Lastly, the storekeeper initially told the investigators he never sold such shirts to whoever visited him a few weeks before the Lockerbie tragedy.


Storekeeper Tony Gauci's testimony was pivotal in the case against Megrahi. Gauci gave a series of 19 statements to the police that are fully inconsistent. Yet, the judges found him trustworthy. Allow me to disagree.


On Jan 30, 1990, Gauci stated, "That time when the man came, I am sure I did not sell him a shirt." Then, on Sept 10, 1990, he told the investigators, "I now remember that the man who bought the clothing also bought a Slalom shirt." And to make things worse, two of his testimonies have disappeared.


When Were the Clothes Bought?
According to the verdict, Megrahi bought the clothes on Dec 7, 1989. Gauci remembered that his brother had gone home earlier to watch an evening football game (Rome vs Dresden), that the man came just before closing time (7 pm), that it was raining (the man bought an umbrella) and that the Christmas lights were on.


The game allows for only two dates: Nov 23 or Dec 7. The issue is critical for there is no indication that Megrahi was in Malta on Nov 23, but he is known to have been on the island on Dec 7.


The chief meteorologist of Malta airport testified that it was raining on Nov 23 but not on Dec 7. Yet the judges determined the date as Dec 7. This rather absurd conclusion from the judges raises two other issues.


The Dec 7 Rome-Dresden game was played at 1 pm, not in the evening.
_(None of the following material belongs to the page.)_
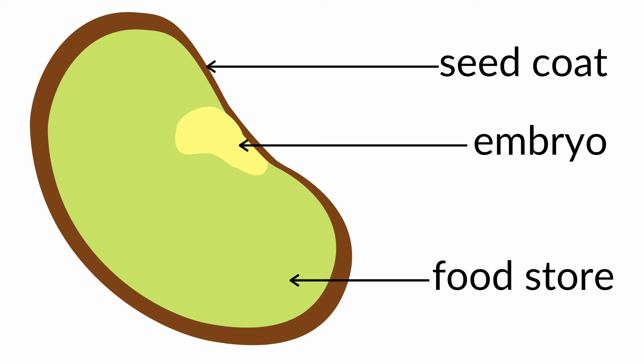Inside the seed is the embryo and this is basically the baby plant. So the embryo needs good soil, sunlight, and water to start sprouting. Did you know that one part of the embryo actually reaches up to become part of the plant and the other part of the embryo starts reaching down and becomes part of the roots?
What is more, Gauci had previously testified that the Christmas lights were not up, meaning that the date had to be Nov [23].


On Sept 19, 1989, Gauci stated, "The [Christmas] decorations were not up when the man bought the clothing." Then, at the Lockerbie trial, Gauci told the judges that the Christmas lights were on. "Yes, they were … up."


Who Was the Mysterious Buyer?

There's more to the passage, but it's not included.